Je suis arrivée en Alberta, plus précisément à Edmonton en 1980, quand mon père a commencé à travailler dans les sables bitumineux. J’ai commencé mes études au Collège Saint-Jean, puis je les ai terminées à l’Université d’Ottawa. Depuis plusieurs années, maintenant, je vis à Calgary.

Un détail que les gens ignorent aussi, votre père était Indien.

Oui ! Ma mère québécoise et mon père de l’Inde, j’ai donc grandi entre ces deux cultures. Ça doit faire au-dessus de 10 ans que je ne suis pas allée en Inde. Je ne parle malheureusement pas le marathi qui était la langue maternelle de mon père. En arrivant en Alberta, mes parents ont décidé de miser sur le français. N’avoir très peu de la langue de mon père aujourd’hui me fait grande peine.

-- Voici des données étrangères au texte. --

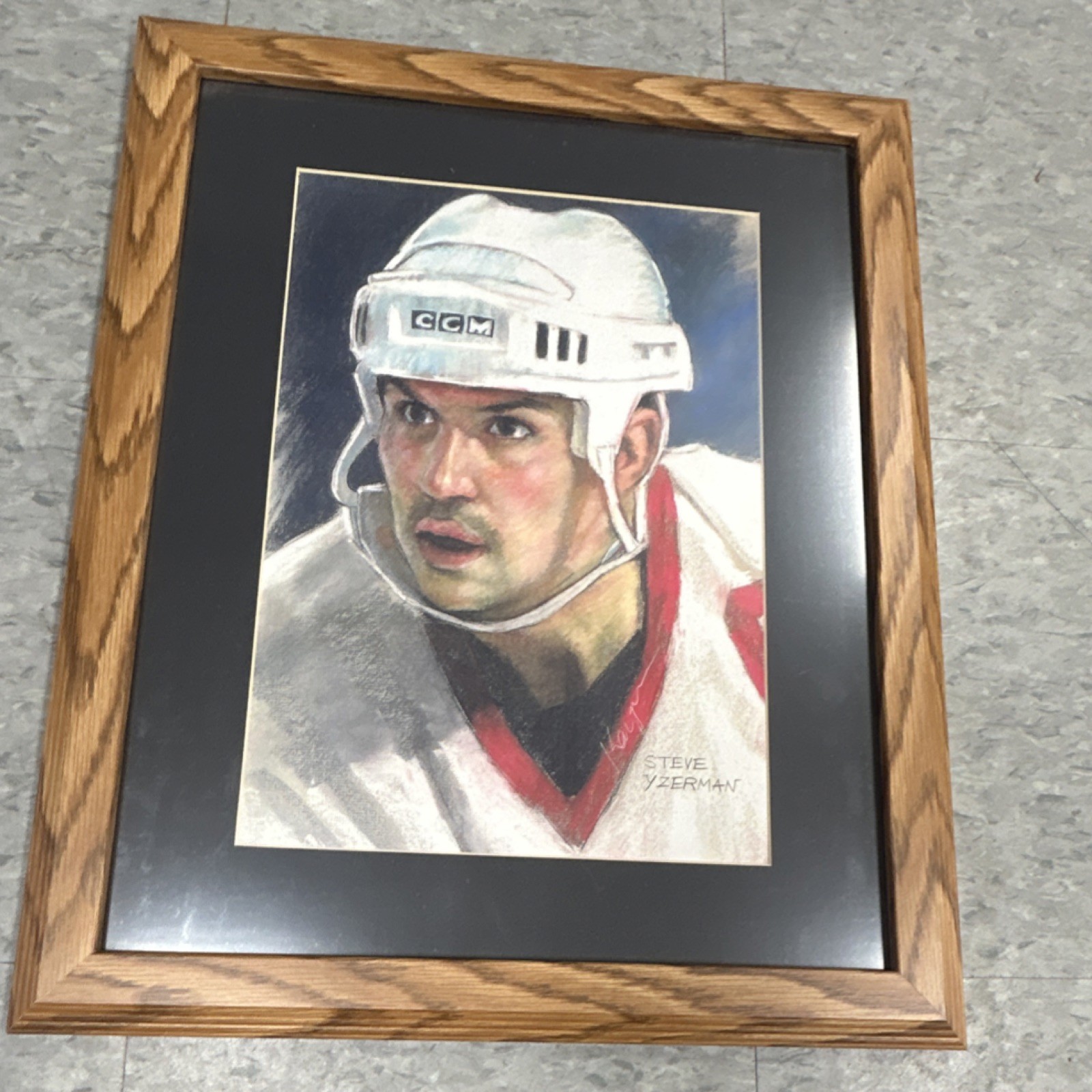 Steve Yzerman Framed Pastel Painting Signed by Artist Kay Hockey Player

Est-ce que vous vous sentez Indienne autant que francophone ?

Oui ! Ma nourriture préférée, c’est la nourriture indienne ! J’essaye de transmettre cette culture. Mon père est décédé en 1999, j’ai perdu ce lien quand il est décédé. À Calgary, j’ai perdu aussi cet engagement dans la communauté indienne. Mais j’aimerais à long terme rattraper ce retard ! »

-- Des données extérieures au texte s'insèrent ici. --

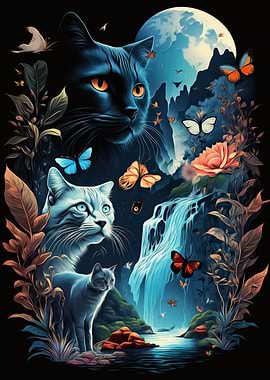 meo cat surreal nature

LES DATES-CLÉS DE SHEILA RISBUD :

1972 : Naissance à Montréal

1980 : Arrivée en Alberta, à Edmonton

1995 : Diplômée de l’Université d’Ottawa (maîtrise en espagnol)

2013 : Après une carrière dans la fonction publique, commence à travailler pour l’entreprise minière Teck Resources Limited 

2019 : Devient présidente de l’Association canadienne-française de l’Alberta (ACFA)

Chaque fin de semaine, ONFR+ rencontre un acteur des enjeux francophones ou politiques en Ontario et au Canada.